What AI risks do marketing agencies face?

Last verified: April 21, 2026

Answer

Marketing agencies using AI for content generation, targeting, and analytics face risks from California's AI watermarking requirements, state consumer protection laws, and potential E&O claims if AI-generated content causes client harm.

Applicable Regulations

SB-942

California AI Transparency Act

enacted

Requires providers of large-scale generative AI systems (1 million+ monthly users) to make AI-generated content detectable through free public detection tools and embedded technical watermarks in image, video, and audio output.

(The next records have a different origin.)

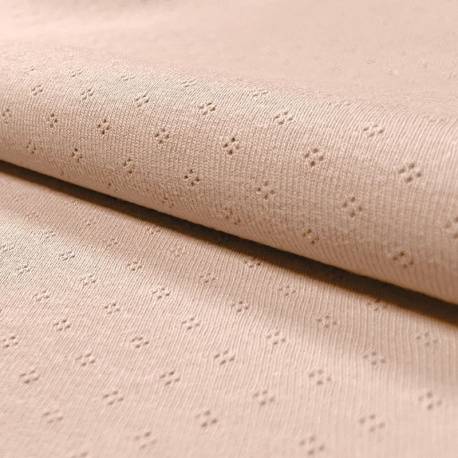 Tissu Jersey Ajouré Uni Nude Rose 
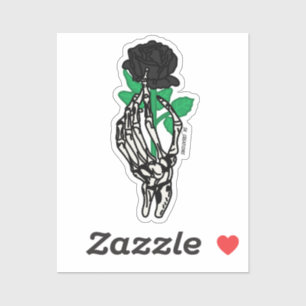 Skeleton Hand Holding A Black Rose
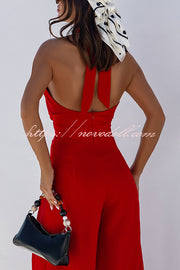 Easy Mode Cross-neck Halter Strap Backless Wide Leg Jumpsuit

Signed September 19, 2024.

Key Requirements

Free AI Detection Tool Offer a free, publicly accessible tool allowing anyone to assess whether image, video, or audio content was created or altered by the provider's generative AI system
Manifest Disclosure Give users the option to attach a clear, conspicuous, human-readable disclosure on AI-generated content
Latent Technical Disclosure Embed technical metadata (provider name, system version, creation date, unique identifier) in AI-generated content, detectable by the provider's tool
Third-Party Licensee Enforcement Revoke licenses within 96 hours if a licensee disables disclosure capabilities
Effective: 2026-01-01 Penalties: Civil penalties of $5,000 per violation, each day constituting a separate violation.

Industry Context

Marketing Agencies

Marketing and creative agencies that use AI tools for content creation, design, client communication, and campaign management.

Typical Compliance Gaps

No documentation of AI tools used in client deliverables
No client disclosure policy for AI-assisted work
No human review process for AI-generated content
Unaware of AI exclusion endorsements in E&O policy

Where this lands operationally

Gridex turns the compliance or coverage question into operated workflow controls: intake, review points, audit trails, and the places a person stays in the decision.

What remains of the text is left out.